M. FONTÁN - VIGO
Un ladrón reincidente en el banquillo. El Juzgado de lo Penal número 2 de Vigo celebró ayer un juicio contra un supuesto atracador acusado de intimidar al cliente de una entidad bancaria para conminar a una empleada a que le entregase los 400 euros que el hombre acababa de ingresar. La Fiscalía solicita para este hombre una condena de tres años y diez meses de prisión, mientras que su defensa plantea la libre absolución. La vista oral se desarrolló sin contar con el testimonio de uno de los principales testigos, el cliente, ya que ya falleció incluso antes de que pudiese ser citado por el juzgado de Instrucción que se encargó de la investigación de este atraco bancario.

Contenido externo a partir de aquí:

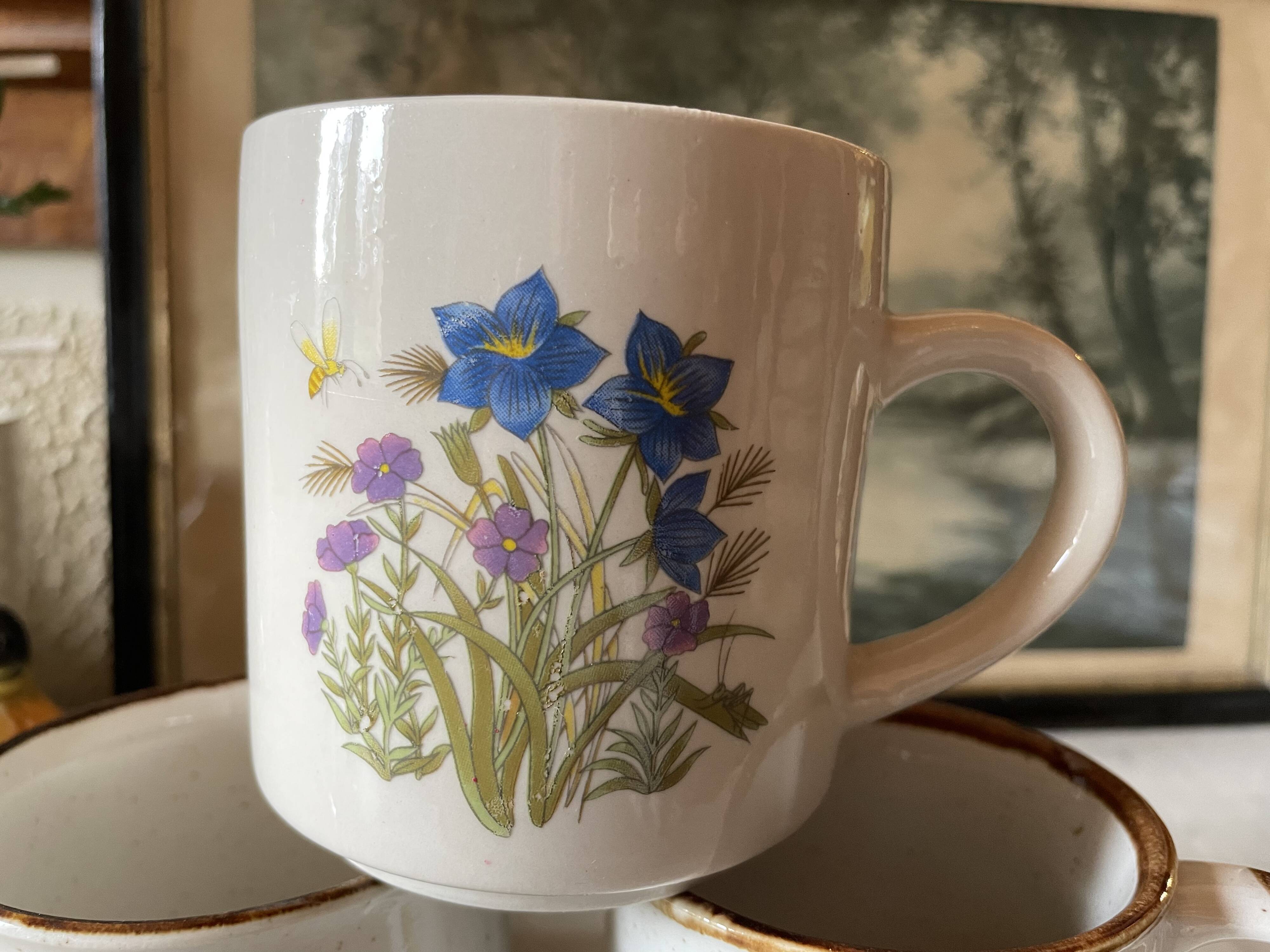 3 vintage stoneware mugs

Los hechos ocurrieron hace ya más de tres años, concretamente el 9 de abril de 2007. El autor del atraco –que ya acumula varias condenas, entre ellas una por un robo con violencia por la que otro juzgado vigués le impuso una pena de tres años y medio de prisión hace diez años– entró presuntamente en una sucursal de la calle Redomeira a la una y media del mediodía. Según sostiene la Fiscalía, el imputado, “guiado por un enriquecimiento ilícito”, se acercó por la espalda a un cliente que en esos momentos estaba en la sucursal, ubicada a la altura del número 128 de esa calle, y sacó un objeto, añade, “del que no constan datos”.
Según la declaración de un responsable de la entidad, que consta en la causa, el acusado habría llegado a intimidar a este hombre. Y todo, se prosigue en el escrito de calificación del ministerio público, para exigir a una empleada del establecimiento bancario que le entregase el dinero que se encontraba en la caja, objetivo que consiguió. En ese momento en ese lugar había los 400 euros que acababa de ingresar el cliente supuestamente amenazado.
Reincidencia
Tras apoderarse del dinero, siempre según las tesis de la acusación, el acusado del atraco huyó del lugar, aunque la investigación policial permitió su identificación y posterior detención. Estos hechos constituyen para el ministerio fiscal un delito de robo con violencia e intimidación en el que concurre la circunstancia agravante de reincidencia.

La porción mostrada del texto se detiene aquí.